After reading
“Better 1x10 than 10x1" you're convinced you need a big server. Then you
go to a big enterprise computer shop and ask for one system with “10” units of processing
capacity. The seller shows you two different models: one called "10x1", equipped with 10 processors
of relative “speed” equal to 1. The other one, called "1x10", equipped with only 1
processor but 10 times faster. Both systems have a certificate that indicates
they have 10 units of capacity. And both server prices are equal. Which one would you choose?
First of all,
you must be aware that the most used measure to express the capacity of any
server, and in general of any service center whatever it be, is the maximum units
of work (UOW) per unit of time (UOT) it can service (Footnote 1).
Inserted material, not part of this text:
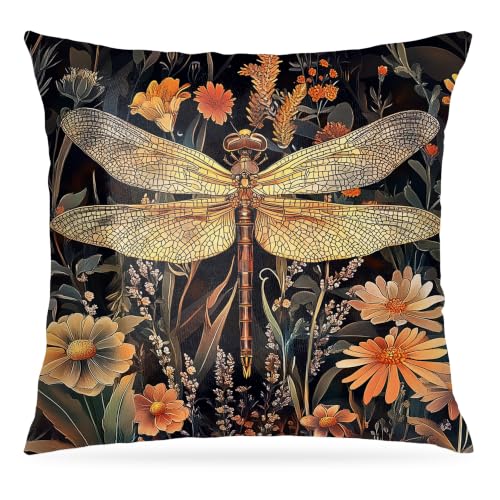 Rustic Autumn Floral Dragonfly Pillow Covers 18x18,Dragonfly Gifts for Women,William Morris Inspired Vintage Dark Cottagecore Floral Botanical Decor Throw Pillow Covers for Home Living Bedroom.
This is the
maximum throughput it supports, also called the bandwidth. In our particular
case, both servers have the same value: 10 UOW/UOT. So this is not going to
help us in our election of the server. Know the maximum throughput is necessary,
but not sufficient.
To find the
answer let’s switch to another point of view: we move away from the overall
behavior, represented by the benchmarked maximum throughput, to the individual
perception of performance, represented by the response time. Does a particular
user experience the “same” performance in both servers?
Suppose that 1
customer (requesting 1 UOW) arrives to an empty (100% free) server. In such a
circumstance, the customer sees not queue ahead, does not have to wait, and
receives immediate service. In the 1x10-server case it spends, let's say, 10
units of time, receiving service (this time is called the service time S). In the 10x1-server case it spends 1 unit of time,
just because the processor speed is 10 times faster.
This makes a
difference, doesn't it? In the low load zone, where queuing seldom occurs, the 10x1-server
shows an obvious advantage over the 1x10-server, due to the increased speed of
its processor.
In the high
load zone, there are a stream of users (UOWs) arriving and long queues build up.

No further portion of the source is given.